The following is a useful characterisation of convergence for sequences in $\mathbb R$:

A sequence $(a_n)$ converges to $a$ if and only if every subsequence $(a_{n_k})$ of $(a_n)$ has a subsequence $(a_{n_{k_\ell}})$ converging to $a$.

The usual proof of this statement is very short. If $(a_n)$ converges to $a$, it is immediate that every subsequence does so, and each of their subsequences also converges to $a$. Conversely, suppose $(a_n)$ does not converge to $a$. This means there exists $\varepsilon > 0$ such that for every $N > 0$, there exists $n > N$ with $|a_n - a| \geq \varepsilon$. These $a_n$ for a subsequence with no further subsequences converging to $a$, so by the contrapositive, we are done.

However, the second part of the proof says that the "negation is false" rather than saying that "the result is true". Proving that the negation is false is easy because we can rather concretely construct a subsequence that fails, but my attempts to give a direct proof have never been fruitful. Does anyone know any direct proofs of this fact?

Answer 1

You can convert the contrapositive argument to a direct proof by transfinite recursion.

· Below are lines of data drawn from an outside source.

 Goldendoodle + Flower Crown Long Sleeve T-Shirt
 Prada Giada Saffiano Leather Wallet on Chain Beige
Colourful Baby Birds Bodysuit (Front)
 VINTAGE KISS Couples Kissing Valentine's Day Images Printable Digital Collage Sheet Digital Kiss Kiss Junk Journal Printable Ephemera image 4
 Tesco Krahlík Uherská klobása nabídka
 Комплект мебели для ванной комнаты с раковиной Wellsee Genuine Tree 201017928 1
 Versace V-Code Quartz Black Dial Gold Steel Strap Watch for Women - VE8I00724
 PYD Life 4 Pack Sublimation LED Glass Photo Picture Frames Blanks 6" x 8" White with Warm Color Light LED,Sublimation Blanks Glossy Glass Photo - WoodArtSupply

Fix $\epsilon>0$ and consider the set $A=\{n\in\mathbb{N}: |a_n-a|<\epsilon \}$. We want to prove that the complement $\mathbb{N}\setminus A$ is finite by constructing larger and larger subsets $A_\alpha\subset A$ for ordinals $\alpha$. If at any point in the construction we reach a set $A_\alpha\subset A$ such that $\mathbb{N}\setminus A_\alpha$ is finite, then also $\mathbb{N}\setminus A$ is finite and we are done.

We start the recursion from the empty set $A_0=\emptyset$. For transfinite recursion we need to define two ways to extend the set.

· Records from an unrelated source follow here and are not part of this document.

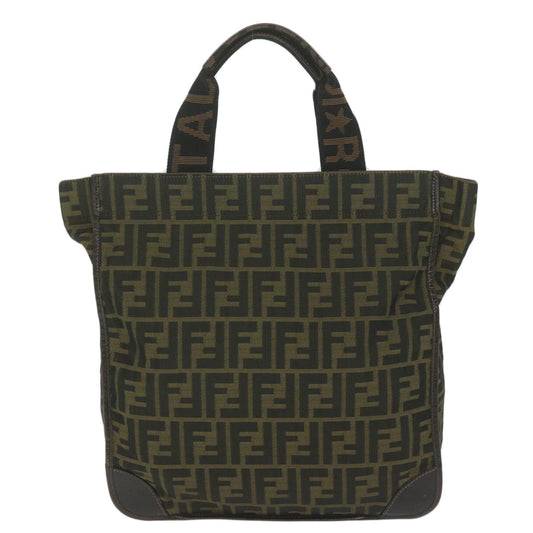 Luxury FendiZucca Canvas Hand Bag Black Brownep2618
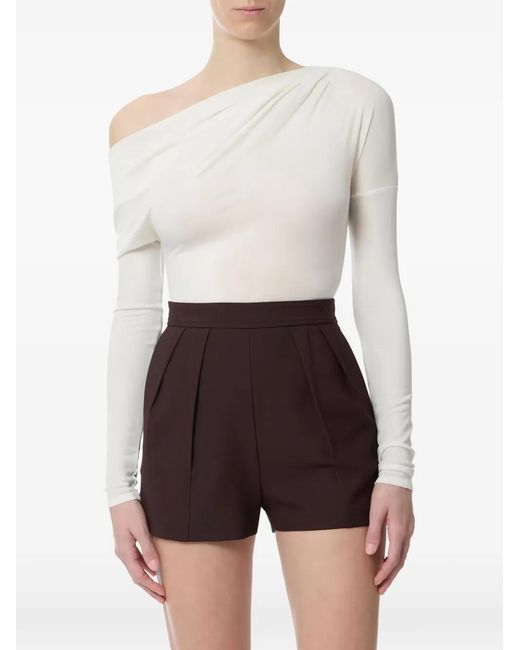 Elisabetta Franchi White Draped Asymmetric-Neck Top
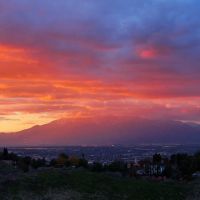 Winter sunset, San Bernardino Valley and San Gabriel Mountains from the Loma Linda Hills, Линда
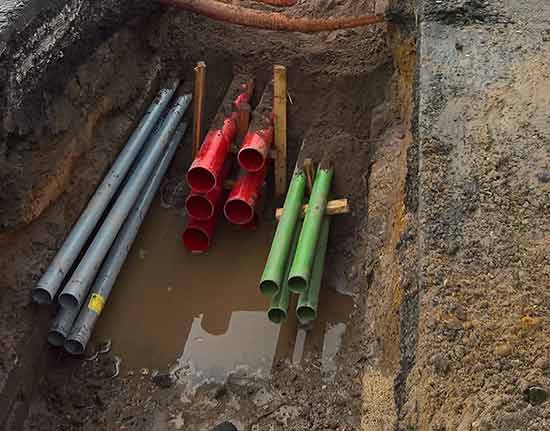 Utility supply pipes and cables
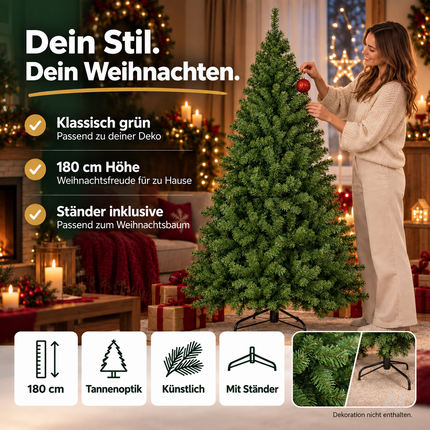 Weihnachtsbaum künstlich 180 cm grün - täuschend echt & naturgetreuer Tannenbaum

1. For successor ordinals $\alpha+1$, if $\mathbb{N}\setminus A_\alpha$ is not finite we may consider the sequence $(a_n)_{n\in \mathbb{N}\setminus A_\alpha}$. By assumption this sequence has a subsequence $a_{n_k}$ converging to $a$. In particular, the tail of the subsequence gives indices $n_k\in A\setminus A_\alpha$. Let $A_{\alpha+1}$ be the set obtained by extending $A_\alpha$ by these points.
2. For limit ordinals $\alpha$, we define $A_\alpha = \bigcup_{\beta<\alpha}A_\beta$.

For any ordinal $\alpha$ that this construction reaches, we may define an injection $\alpha\to A_\alpha$ by considering the new points added in each step of the construction. On the other hand since $A_\alpha\subset\mathbb{N}$ and there are no injections $\alpha\to\mathbb{N}$ when $\alpha$ has cardinality bigger than the integers, we know the construction must eventually terminate.

Answer 2

Assume that every subsequence of $(a_n)$ has an own subsequence converging to $a$.

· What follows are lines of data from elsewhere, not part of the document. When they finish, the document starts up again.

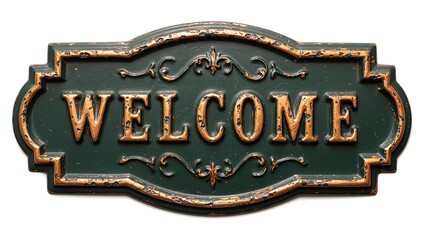Elegant gold WELCOME sign on deep green perfect for adding a touch of sophistication to any project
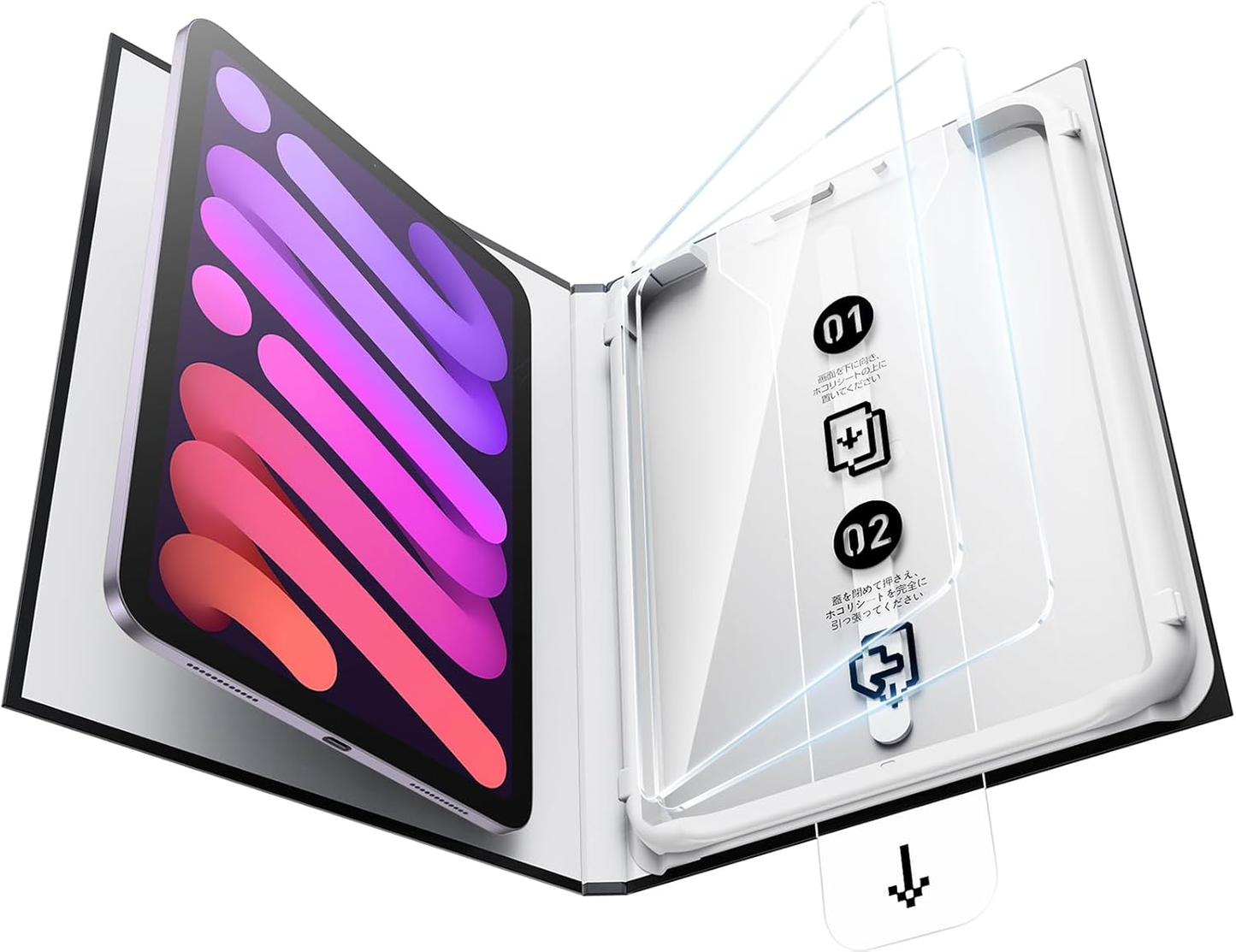 「Smart Box」iPad 用  SmartDevil強化ガラスフィルム  保護フィルム 自動除塵 超簡単貼り付け 落下保護 気泡ゼロ 滑らかな手触り 指紋防止 アイパッド 用 強化ガラス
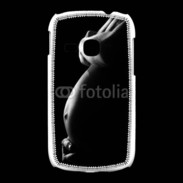 Coque Samsung Galaxy Young Femme enceinte en noir et blanc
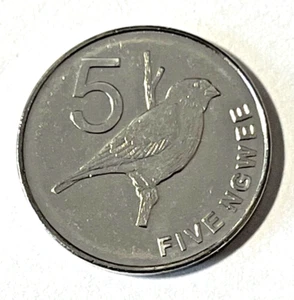 2012 Zambia 5 ngwee Coin Africa Zambezi Indigobird Twinspot Bird Animal Wildlife - Picture 1 of 2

We show the convergence of $(a_n)$ using the definition.

Let $\epsilon>0$.

• If there are only finitely many terms of $(a_n)$ outside $I_\epsilon=(a-\epsilon,a+\epsilon)$ we can find that $N_\epsilon$...
• Else, there are infinitely many terms of $(a_n)$ outside $I_\epsilon$. We pick a subsequence of $(a_n)$ that stays outside $I_\epsilon$. From the given property, it has an own subsequence converging to $a$, so this own subsequence will land inside $I_\epsilon$ after some index (entirely). Contradiction. This else block is false.

---

I hope that the used proof by contradiction happens to a deeper, acceptable level.